Address the greatest risks and strive for sufficient risk mitigation at the lowest cost, with minimal impact on other mission capabilities: this is the suggestion contained in

Risk communication 

Risk communication is a horizontal process that interacts bidirectionally with all other processes of risk management. Its purpose is to establish a common understanding of all aspect of risk among all the organization's stakeholder. Establishing a common understanding is important, since it influences decisions to be taken. The Risk Reduction Overview method  is specifically designed for this process. It presents a comprehensible overview of the coherence of risks, measures and residual risks to achieve this common understanding.

Risk monitoring and review 
Risk management is an ongoing, never ending process. Within this process implemented security measures are regularly monitored and reviewed to ensure that they work as planned and that changes in the environment rendered them ineffective. Business requirements, vulnerabilities and threats can change over the time.

Regular audits should be scheduled and should be conducted by an independent party, i.e. somebody not under the control of whom is responsible for the implementations or daily management of ISMS.

IT evaluation and assessment 
Security controls should be validated. Technical controls are possible complex systems that are to tested and verified. The hardest part to validate is people knowledge of procedural controls and the effectiveness of the real application in daily business of the security procedures.

Vulnerability assessment, both internal and external, and Penetration test are instruments for verifying the status of security controls.

Information technology security audit is an organizational and procedural control with the aim of evaluating security.
The IT systems of most organization are evolving quite rapidly. Risk management should cope with these changes through change authorization after risk re evaluation of the affected systems and processes and periodically review the risks and mitigation actions.

Monitoring system events according to a security monitoring strategy, an incident response plan and security validation and metrics are fundamental activities to assure that an optimal level of security is obtained.
It is important to monitor the new vulnerabilities, apply procedural and technical security controls like regularly updating software, and evaluate other kinds of controls to deal with zero-day attacks.

The attitude of involved people to benchmark against best practice and follow the seminars of professional associations in the sector are factors to assure the state of art of an organization IT risk management practice.

Integrating risk management into system development life cycle 
Effective risk management must be totally integrated into the SDLC. An IT system's SDLC has five phases: initiation, development or acquisition, implementation, operation or maintenance, and disposal. The risk management methodology is the same regardless of the SDLC phase for which the assessment is being conducted. Risk management is an iterative process that can be performed during each major phase of the SDLC.

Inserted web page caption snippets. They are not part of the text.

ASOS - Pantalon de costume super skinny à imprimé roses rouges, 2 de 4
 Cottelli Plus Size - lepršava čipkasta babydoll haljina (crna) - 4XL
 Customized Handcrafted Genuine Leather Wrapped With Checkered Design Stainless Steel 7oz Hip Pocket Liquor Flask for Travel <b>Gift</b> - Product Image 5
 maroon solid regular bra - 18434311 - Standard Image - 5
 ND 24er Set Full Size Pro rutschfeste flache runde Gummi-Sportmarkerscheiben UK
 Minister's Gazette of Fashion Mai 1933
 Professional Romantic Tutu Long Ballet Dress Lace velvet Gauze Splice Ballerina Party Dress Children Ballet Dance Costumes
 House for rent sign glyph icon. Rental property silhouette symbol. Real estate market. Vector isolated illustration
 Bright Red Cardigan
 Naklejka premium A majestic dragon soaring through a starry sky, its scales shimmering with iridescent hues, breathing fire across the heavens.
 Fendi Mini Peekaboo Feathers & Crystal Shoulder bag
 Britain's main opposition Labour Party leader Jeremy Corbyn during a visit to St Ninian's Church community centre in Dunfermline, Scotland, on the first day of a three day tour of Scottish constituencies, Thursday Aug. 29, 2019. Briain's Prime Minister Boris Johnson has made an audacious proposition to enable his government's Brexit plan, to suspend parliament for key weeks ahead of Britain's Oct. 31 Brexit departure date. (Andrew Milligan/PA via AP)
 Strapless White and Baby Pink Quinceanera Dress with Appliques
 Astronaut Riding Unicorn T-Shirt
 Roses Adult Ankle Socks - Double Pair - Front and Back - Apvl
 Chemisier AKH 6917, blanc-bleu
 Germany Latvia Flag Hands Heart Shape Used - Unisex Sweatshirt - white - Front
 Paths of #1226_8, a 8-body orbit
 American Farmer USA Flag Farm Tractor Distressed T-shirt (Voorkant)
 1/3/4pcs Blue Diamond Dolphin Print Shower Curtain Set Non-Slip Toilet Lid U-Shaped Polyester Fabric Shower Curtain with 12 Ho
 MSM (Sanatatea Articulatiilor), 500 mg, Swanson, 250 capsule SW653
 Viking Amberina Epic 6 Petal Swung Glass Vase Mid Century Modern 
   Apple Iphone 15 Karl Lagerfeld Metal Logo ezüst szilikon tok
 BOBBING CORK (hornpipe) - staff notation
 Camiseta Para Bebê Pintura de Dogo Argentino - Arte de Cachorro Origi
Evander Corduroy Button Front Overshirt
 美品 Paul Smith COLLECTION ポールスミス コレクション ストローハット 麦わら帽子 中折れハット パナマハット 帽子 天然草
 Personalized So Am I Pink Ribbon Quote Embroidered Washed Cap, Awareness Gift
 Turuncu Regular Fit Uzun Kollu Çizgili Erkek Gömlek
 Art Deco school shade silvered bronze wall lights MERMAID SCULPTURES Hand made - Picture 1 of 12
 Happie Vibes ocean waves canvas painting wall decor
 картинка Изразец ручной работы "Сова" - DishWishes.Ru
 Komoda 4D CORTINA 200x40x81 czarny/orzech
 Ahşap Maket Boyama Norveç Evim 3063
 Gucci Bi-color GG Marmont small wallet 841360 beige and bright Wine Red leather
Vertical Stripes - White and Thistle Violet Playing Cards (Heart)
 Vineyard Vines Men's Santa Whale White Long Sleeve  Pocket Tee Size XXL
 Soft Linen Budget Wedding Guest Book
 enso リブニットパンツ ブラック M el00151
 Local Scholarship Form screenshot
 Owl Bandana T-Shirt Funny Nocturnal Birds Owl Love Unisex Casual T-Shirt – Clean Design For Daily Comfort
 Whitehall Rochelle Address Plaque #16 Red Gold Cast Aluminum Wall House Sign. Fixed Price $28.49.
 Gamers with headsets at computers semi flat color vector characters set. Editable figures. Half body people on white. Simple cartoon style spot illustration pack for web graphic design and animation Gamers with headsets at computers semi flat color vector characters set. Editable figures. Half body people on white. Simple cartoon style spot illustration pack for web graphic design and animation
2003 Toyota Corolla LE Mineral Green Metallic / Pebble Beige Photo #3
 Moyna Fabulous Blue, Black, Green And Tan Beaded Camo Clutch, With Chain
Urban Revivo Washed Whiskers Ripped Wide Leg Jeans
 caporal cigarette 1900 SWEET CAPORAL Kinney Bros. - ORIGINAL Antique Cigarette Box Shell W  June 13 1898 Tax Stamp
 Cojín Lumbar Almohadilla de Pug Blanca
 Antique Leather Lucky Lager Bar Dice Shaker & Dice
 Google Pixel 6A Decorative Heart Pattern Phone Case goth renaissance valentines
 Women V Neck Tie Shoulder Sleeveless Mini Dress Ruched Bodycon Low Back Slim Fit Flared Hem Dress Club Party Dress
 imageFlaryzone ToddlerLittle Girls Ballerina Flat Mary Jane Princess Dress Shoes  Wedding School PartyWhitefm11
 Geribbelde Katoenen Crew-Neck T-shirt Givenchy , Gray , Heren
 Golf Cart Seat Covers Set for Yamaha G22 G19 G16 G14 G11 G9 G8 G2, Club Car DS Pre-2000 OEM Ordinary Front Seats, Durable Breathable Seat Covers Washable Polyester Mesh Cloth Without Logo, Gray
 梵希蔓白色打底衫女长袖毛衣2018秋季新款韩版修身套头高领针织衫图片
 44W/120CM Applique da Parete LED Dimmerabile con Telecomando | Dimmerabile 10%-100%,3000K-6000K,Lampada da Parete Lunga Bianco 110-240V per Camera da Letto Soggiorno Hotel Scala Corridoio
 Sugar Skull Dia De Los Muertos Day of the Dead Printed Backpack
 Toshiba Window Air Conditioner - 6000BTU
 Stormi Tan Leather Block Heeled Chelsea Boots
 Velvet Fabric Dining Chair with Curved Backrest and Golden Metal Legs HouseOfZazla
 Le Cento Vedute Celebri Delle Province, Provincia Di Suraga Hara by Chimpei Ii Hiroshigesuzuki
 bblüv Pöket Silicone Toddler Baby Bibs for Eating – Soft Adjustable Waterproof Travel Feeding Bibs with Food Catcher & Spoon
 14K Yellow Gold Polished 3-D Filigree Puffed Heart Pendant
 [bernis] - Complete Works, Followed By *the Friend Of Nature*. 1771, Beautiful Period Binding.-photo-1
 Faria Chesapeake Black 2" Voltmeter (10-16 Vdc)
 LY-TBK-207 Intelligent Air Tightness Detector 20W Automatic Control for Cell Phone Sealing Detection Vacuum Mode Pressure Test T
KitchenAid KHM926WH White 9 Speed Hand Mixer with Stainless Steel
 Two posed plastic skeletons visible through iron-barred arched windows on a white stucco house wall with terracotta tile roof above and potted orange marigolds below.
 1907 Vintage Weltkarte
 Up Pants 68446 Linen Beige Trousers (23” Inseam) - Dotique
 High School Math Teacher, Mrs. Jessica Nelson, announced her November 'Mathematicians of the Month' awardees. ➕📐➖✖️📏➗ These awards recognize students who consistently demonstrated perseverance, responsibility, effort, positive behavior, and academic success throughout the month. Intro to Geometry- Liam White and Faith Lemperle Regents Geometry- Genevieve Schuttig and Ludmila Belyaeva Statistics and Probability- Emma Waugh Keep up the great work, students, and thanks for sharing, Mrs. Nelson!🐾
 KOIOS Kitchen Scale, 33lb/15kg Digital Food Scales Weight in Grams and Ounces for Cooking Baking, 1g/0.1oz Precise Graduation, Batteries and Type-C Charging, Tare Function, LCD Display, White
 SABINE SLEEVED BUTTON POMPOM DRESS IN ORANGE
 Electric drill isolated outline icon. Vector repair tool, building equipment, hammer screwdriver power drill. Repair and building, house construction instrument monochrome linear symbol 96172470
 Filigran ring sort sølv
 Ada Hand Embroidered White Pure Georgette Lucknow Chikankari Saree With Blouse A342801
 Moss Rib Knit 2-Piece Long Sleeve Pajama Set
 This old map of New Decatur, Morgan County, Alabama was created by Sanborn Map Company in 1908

NIST SP 800-64 is devoted to this topic.

Early integration of security in the SDLC enables agencies to maximize return on investment in their security programs, through:
 Early identification and mitigation of security vulnerabilities and misconfigurations, resulting in lower cost of security control implementation and vulnerability mitigation;
 Awareness of potential engineering challenges caused by mandatory security controls;
 Identification of shared security services and reuse of security strategies and tools to reduce development cost and schedule while improving security posture through proven methods and techniques; and
 Facilitation of informed executive decision making through comprehensive risk management in a timely manner.
This guide focuses on the information security components of the SDLC. First, descriptions of the key security roles and responsibilities that are needed in most information system developments are provided. Second, sufficient information about the SDLC is provided to allow a person who is unfamiliar with the SDLC process to understand the relationship between information security and the SDLC.
The document integrates the security steps into the linear, sequential (a.k.a. waterfall) SDLC. The five-step SDLC cited in the document is an example of one method of development and is not intended to mandate this methodology.
Lastly, SP 800-64 provides insight into IT projects and initiatives that are not as clearly defined as SDLC-based developments, such as service-oriented architectures, cross-organization projects, and IT facility developments.

Security can be incorporated into information systems acquisition, development and maintenance by implementing effective security practices in the following areas.

 Security requirements for information systems
 Correct processing in applications
 Cryptographic controls
 Security of system files
 Security in development and support processes
 Technical vulnerability management

Information systems security begins with incorporating security into the requirements process for any new application or system enhancement. Security should be designed into the system from the beginning. Security requirements are presented to the vendor during the requirements phase of a product purchase. Formal testing should be done to determine whether the product meets the required security specifications prior to purchasing the product.

Correct processing in applications is essential in order to prevent errors and to mitigate loss, unauthorized modification or misuse of information. Effective coding techniques include validating input and output data, protecting message integrity using encryption, checking for processing errors, and creating activity logs.

Applied properly, cryptographic controls provide effective mechanisms for protecting the confidentiality, authenticity and integrity of information. An institution should develop policies on the use of encryption, including proper key management. Disk Encryption is one way to protect data at rest. Data in transit can be protected from alteration and unauthorized viewing using SSL certificates issued through a Certificate Authority that has implemented a Public Key Infrastructure.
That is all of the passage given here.